Vient le moment de conclure. L’avocat cite les très nombreux clients qu’il a défendus dans des procès terroristes. « Le seul point commun, qu’il a avec tous ceux-là, c’est son avocat, il aurait peut-être mieux fait d’en prendre un autre. Ils étaient à la mesure, Jean-Louis lui il est vaincu par les circonstances d’être né trop tôt, d’avoir vécu trop peu, de n’avoir profité jamais. Jugez-le pour ce qu’il a fait, à la mesure de ce qu’il a vécu. Rendez un verdict de compassion, lumineux à l’image des parties civiles.
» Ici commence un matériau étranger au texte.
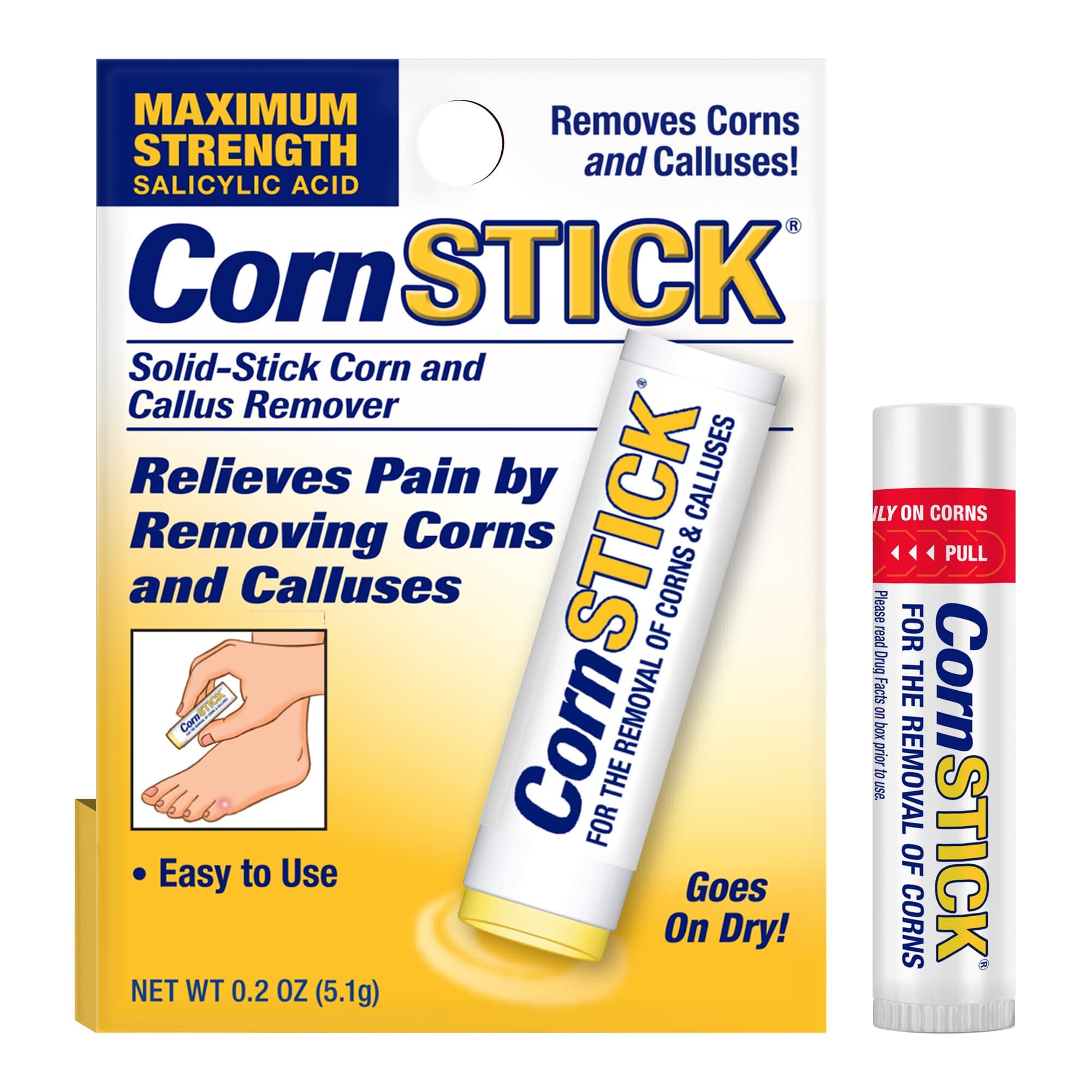 EasyComforts Maximum Strength Corn Stick Solid-Stick Corn Remover, 0.2 Ounce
Mais ne le condamnez pas à l’enfermement car c’est entre 4 murs qu’il a déjà raté toute sa vie ». Toute la fureur est sortie. L’avocat se tait. Il a offert l’ultime moment de grâce de ce procès. Les débats n’ont pas été enregistrés, contrairement à ceux du procès des attentats du 13 novembre et c’est regrettable. Ils resteront dans la mémoire de ceux qui y ont assisté comme un moment judiciaire empreint d’une humanité exceptionnelle.

Demain mercredi, la cour entendra le dernier mot des accusés puis se retirera pour délibérer. Le verdict, comme il est d’usage aux assises, sera rendu dans le prolongement des débats.